Provided records Block Start

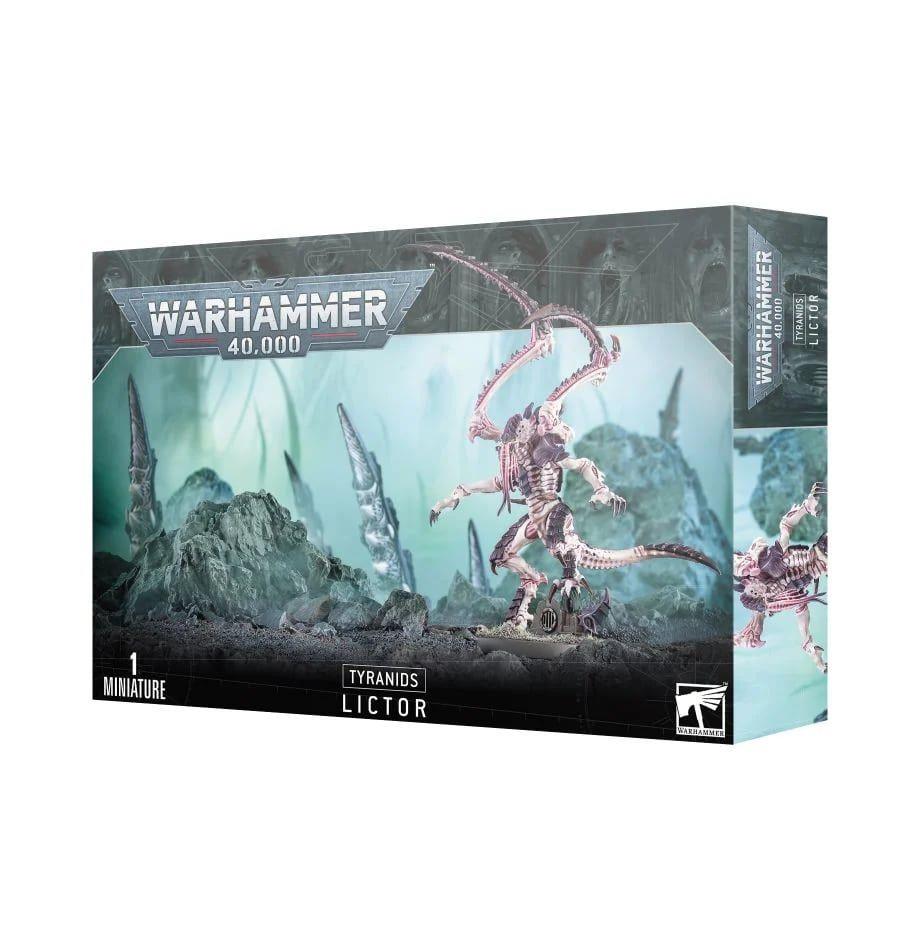 Warhammer 40K Tyranids: Lictor Miniatures Games Workshop   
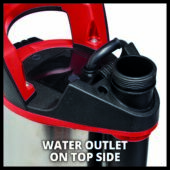 Kép 15/22 - Einhell GE-DP 7935 N-A LL ECO szennyvízszivattyú, 790W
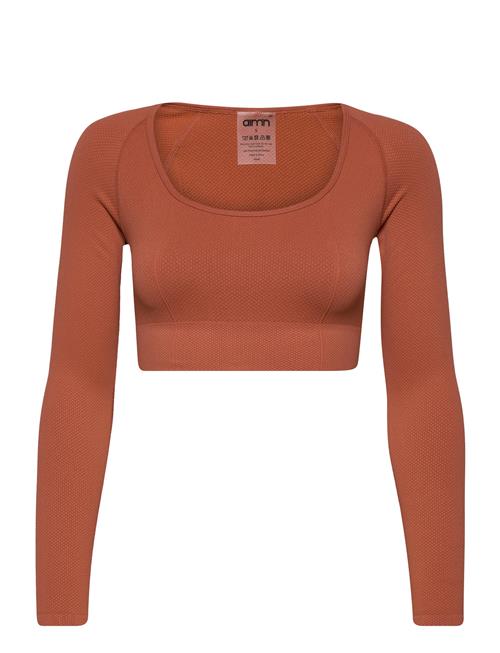 aim´n | Luxe Seamless Crop Long Sleeve | XS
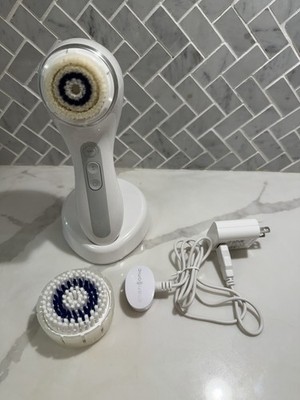 Clarisonic Smart Profile Rechargeable Electric Facial Cleansing Brush W Stand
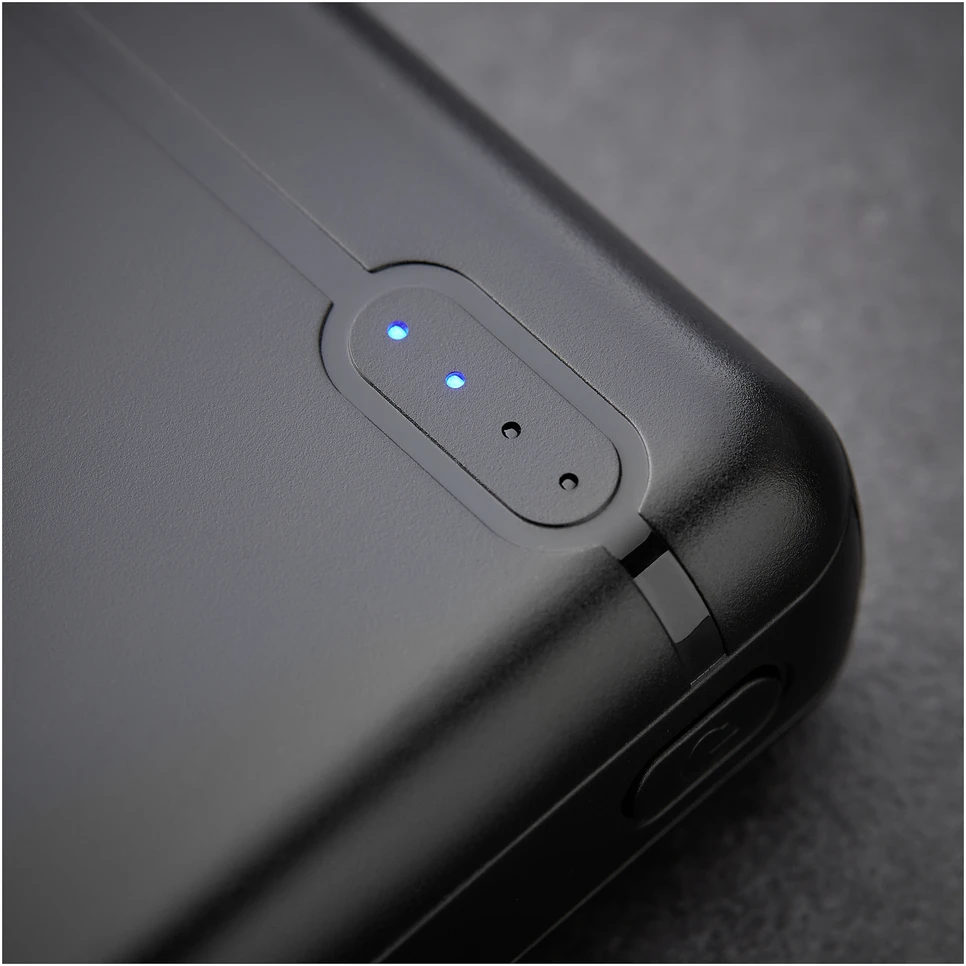 Intenso Powerbank XS10000 juoda 10000 mAh įsk. USB nuo A iki C tipo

Provided records Block End

(Task brief) The lines from the one containing "aim´n | Luxe Seamless Crop Long Sleeve | XS" to the final line of the material, both ends included, should be retyped exactly and alone, with no pictures.

(Solution to the exercise)
 aim´n | Luxe Seamless Crop Long Sleeve | XS
 Clarisonic Smart Profile Rechargeable Electric Facial Cleansing Brush W Stand
 Intenso Powerbank XS10000 juoda 10000 mAh įsk. USB nuo A iki C tipo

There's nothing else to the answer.